Task prompt
Lines from the line with "Il direttore degli" to the line with "城镇化大势所趋,县城房子盖得很漂亮,两类人购买,少有人住" in the entries below, and only those, must be output exactly, with both ends included.

Information shown
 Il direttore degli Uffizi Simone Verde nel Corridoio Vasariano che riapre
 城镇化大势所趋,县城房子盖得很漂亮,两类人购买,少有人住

...

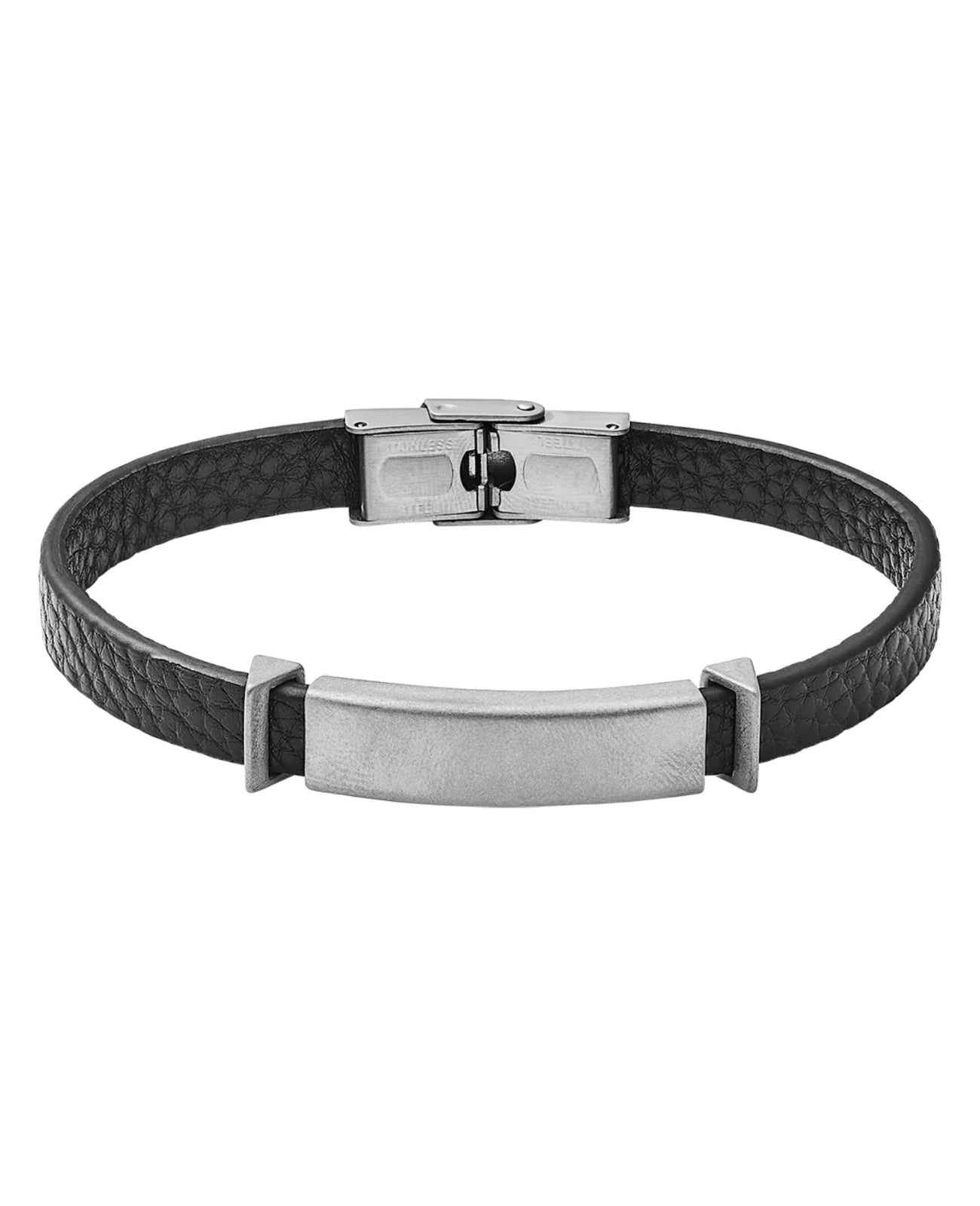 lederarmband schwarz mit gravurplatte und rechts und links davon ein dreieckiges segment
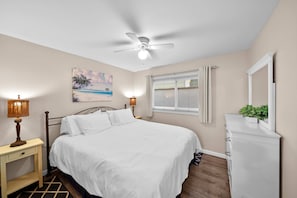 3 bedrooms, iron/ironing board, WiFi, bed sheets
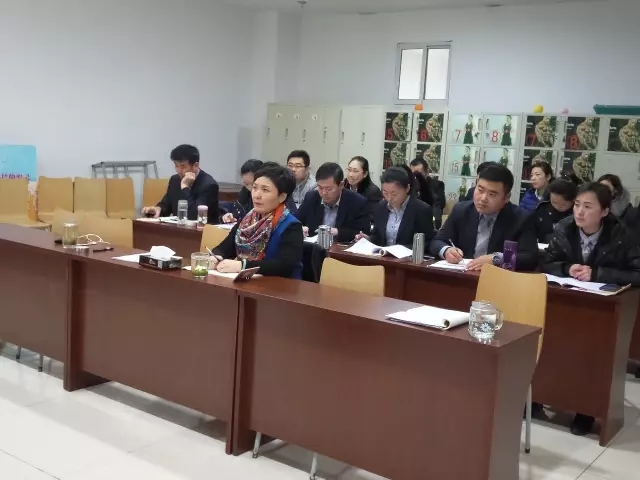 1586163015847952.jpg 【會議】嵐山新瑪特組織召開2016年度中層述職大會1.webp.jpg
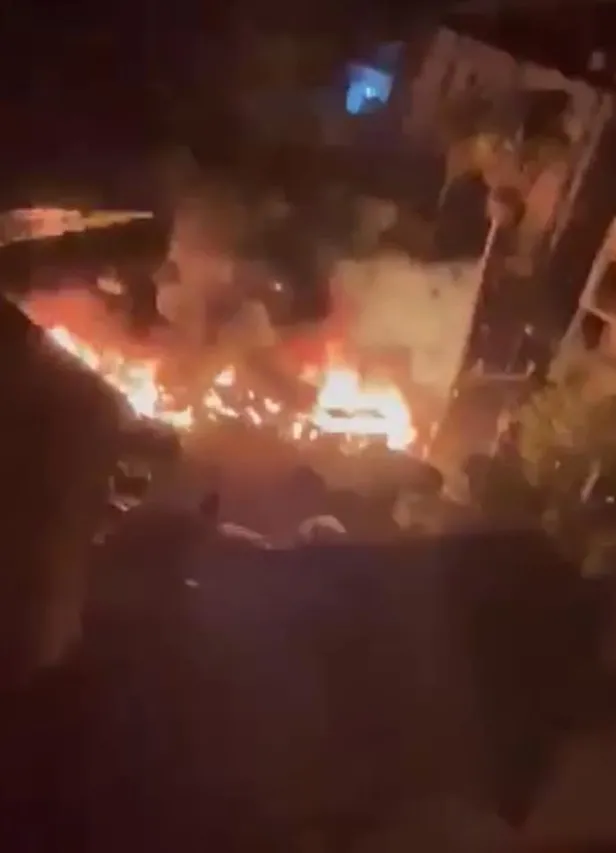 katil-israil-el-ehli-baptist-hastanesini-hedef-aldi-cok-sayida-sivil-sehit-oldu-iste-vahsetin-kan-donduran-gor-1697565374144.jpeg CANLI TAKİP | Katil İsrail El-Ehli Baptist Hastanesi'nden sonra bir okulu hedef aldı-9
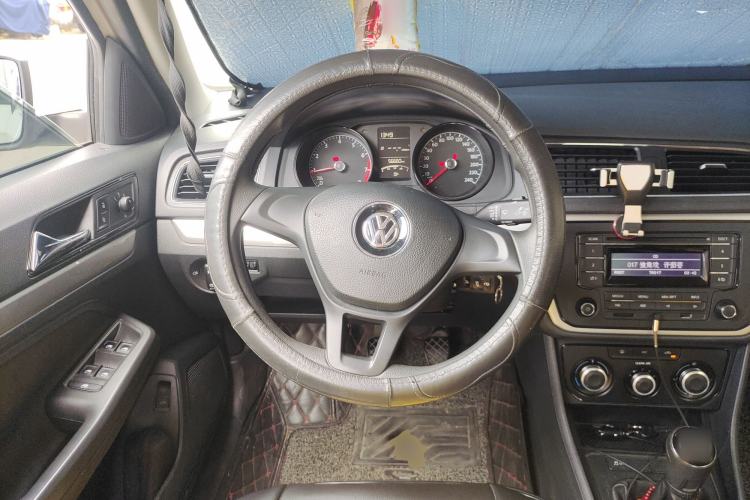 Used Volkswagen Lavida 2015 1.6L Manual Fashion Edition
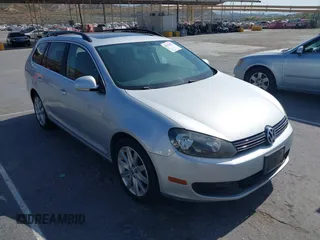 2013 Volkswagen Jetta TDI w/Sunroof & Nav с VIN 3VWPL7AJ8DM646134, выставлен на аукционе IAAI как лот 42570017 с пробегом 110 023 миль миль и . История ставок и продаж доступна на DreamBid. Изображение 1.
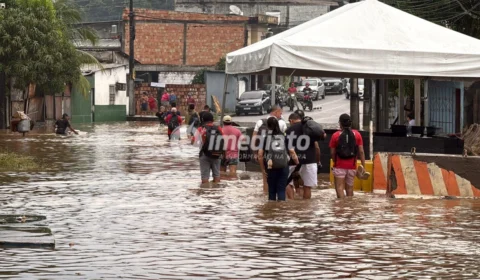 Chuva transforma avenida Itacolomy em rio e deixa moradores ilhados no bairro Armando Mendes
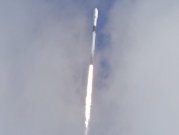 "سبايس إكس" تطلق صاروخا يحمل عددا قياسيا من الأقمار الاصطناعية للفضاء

Answer to the exercise
 Il direttore degli Uffizi Simone Verde nel Corridoio Vasariano che riapre
 城镇化大势所趋,县城房子盖得很漂亮,两类人购买,少有人住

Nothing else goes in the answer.